Dillon v. Bicknell
Before: Haynes
Synopsis
District Attorney—Term of Office—Compensation for Holding Over— County Government Act—Repeal of Code Provision.—Section 4109 of the Political Code, limiting the term of office of certain county officers, including the district attorney, to the precise period of two years, was repealed by section 60 of the County Government Act, providing that all officers elected thereunder shall hold office until their successors are elected or appointed and qualified; and the district attorney is entitled to demand and receive compensation in proportion to his monthly salary for such part of a month as he may hold over, after the expiration of the term for which he was elected, until his successor has qualified.
Id.—Statutory Construction — Revision — Repeal by Implication.— Whenever it clearly appears that the intention of the legislature, by a later act, is to revise the entire subject matter of a former act, the subsequent act operates as a repeal of the former, although it contains no precise words to that effect; and even if the subsequent statute be not repugnant in all of its provisions to a prior one, yet, if the later statute was clearly intended to prescribe the only rule which should govern in the case provided for, it repeals the original act.
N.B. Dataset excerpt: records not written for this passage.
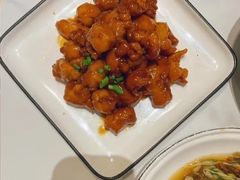 -新月新(柳营社区店)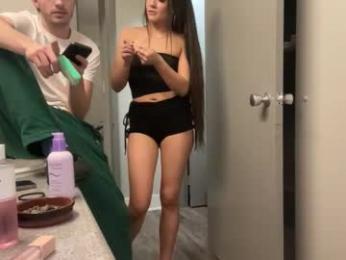 laylakitten4 webcam model stream image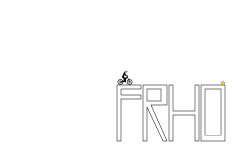 FRHD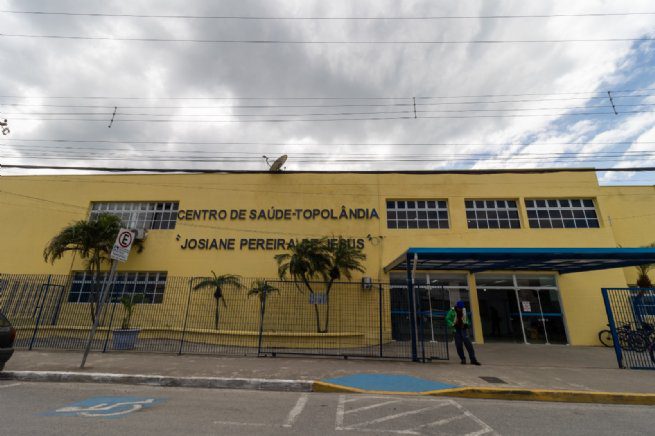São Sebastião convoca beneficiários do Bolsa Família para atualização neste sábado (12)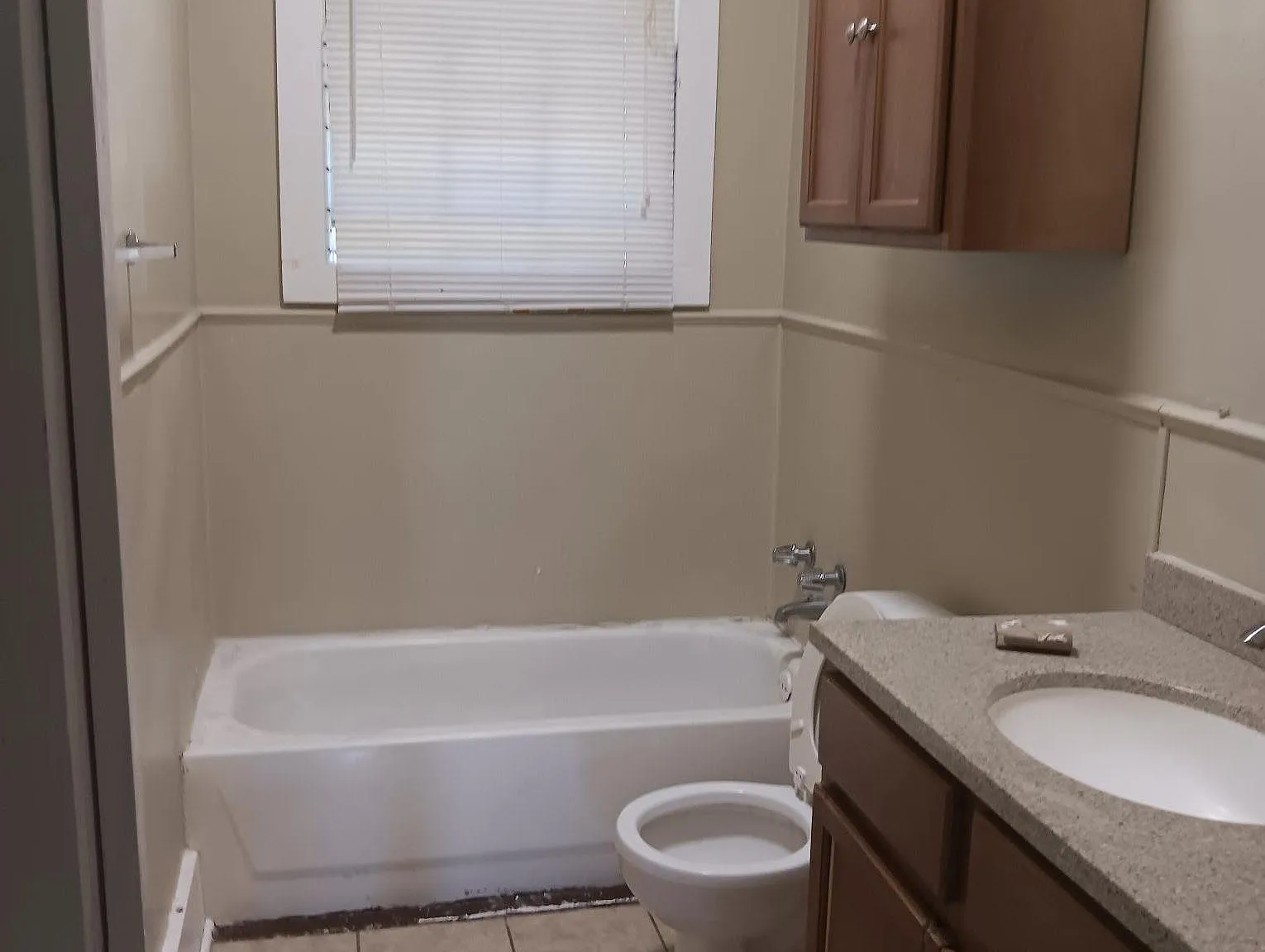 1 bed, 554 sqft, $695 — Photo 3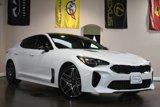 Used 2022 Kia Stinger GT2 image 3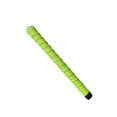 thumbnail image 3 of Almencla Racket Grip Tape 110cm Non Slip Overgrip for Sports Fishing Rod Baseball green, 3 of 8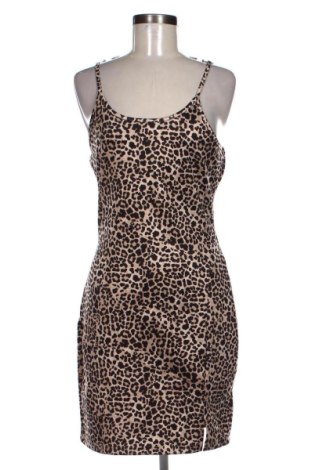 Rochie Wednesday's Girl, Mărime S, Culoare Multicolor, Preț 151,99 Lei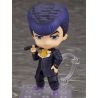 Jojo's Bizarre Adventure Diamond is Unbreakable figurine Nendoroid Josuke Higashikata Medicos Entertainment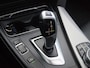 BMW 4-Serie Gran Coupe 420i High Executive | M-Pakket | Panoramadak | Trekhaak | NL-Auto |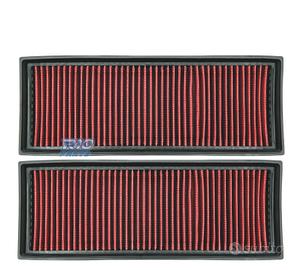 FILTRO ASPIRAZIONE DIRETTA MERCEDES W251 05-10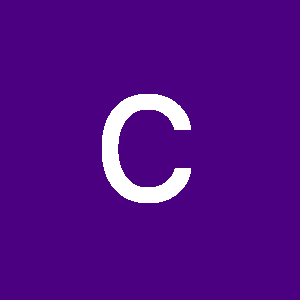 cathandpip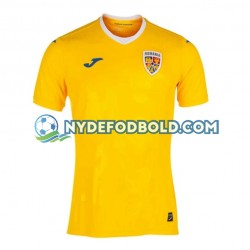 Hjemmebane Trøje Rumænien 2021 K/Æ Mænd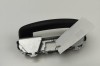 M&acirc;ner plafon st&acirc;nga față VW T-ROC A11 2023 OEM: 2GA858687 30431196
Id.—Construction of County Government Act—Pro Rata Compensation of Officers.—The County Government Act, though providing for warrants in favor of county officers for their salary, to be drawn on the first Monday of each and every month, contemplates that the warrant may be drawn for such fractional portion of a month as the officer may actually serve after the first Monday of January, with which his term ordinarily concludes.
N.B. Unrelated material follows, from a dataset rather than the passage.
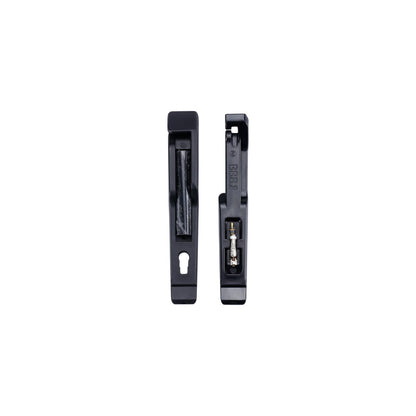 Reifenheber BBB SMARTLIFT BTL-82
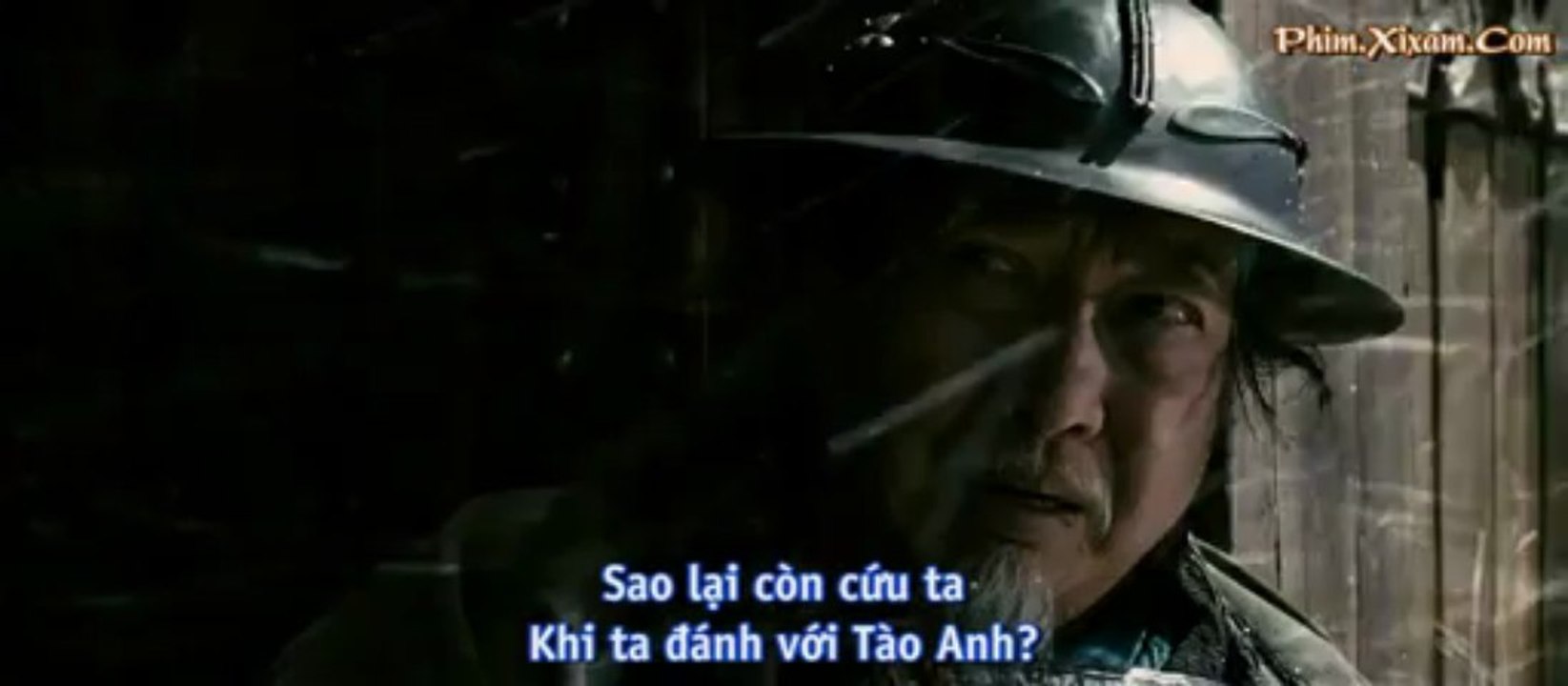 TamQuocChi_clip5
Haynes, C. Plaintiff was elected district attorney of Los Angeles county at the general election in November, 1892, and entered upon his said office on the second day of January, 1893, that being the first Monday after the first day of January, and his term of office [112]expired on the seventh day of January, 1895, that being also the first Monday after the first day of January of that year. The salary was four thousand dollars per annum, and he received from the salary fund of the county eight thousand dollars, which was paid him in monthly installments of three hundred and thirty-three and one-third dollars per month, by warrants drawn by defendant upon the county treasurer, as provided by section 221 of the County Government Act of 1891. (Stats. 1891, p. 419.) Plaintiff, claiming that he served as district attorney five days more than two official years, demanded of the defendant, as such auditor, that he draw a warrant upon the county treasurer for his salary for said five days, amounting to fifty-four dollars and fifty cents. The auditor refused to issue said warrant, and the court below, upon the petition of the ■plaintiff, rendered judgment directing a peremptory writ of mandate to issue as prayed for by plaintiff, and from said judgment the defendant appeals.
Sec. 20, art. XX, of the constitution provides as follows: “ Elections of the officers provided for by the constitution, except at the election in the year 1879, shall be held on the even numbered years next before the expiration of their respective terms. Terms of such officers shall commence on the first Monday after the first day of January next following their election.”
Section 4109 of the Political Code, as amended March 7, 1881 (Stats. 1881, p. 72), is as follows: “All elective county, city, and township officers, except superior court judges, superintendents of schools, and assessors, shall be elected at the general election to be held in the year 1882, and at the general election to be held every second year thereafter, and shall take office on the first Monday after the first day of January next succeeding their election, and shall hold office for two years. The years that said officers are to hold office are to be computed respectively from and including the first Monday after the first day of January of any one year to and [113]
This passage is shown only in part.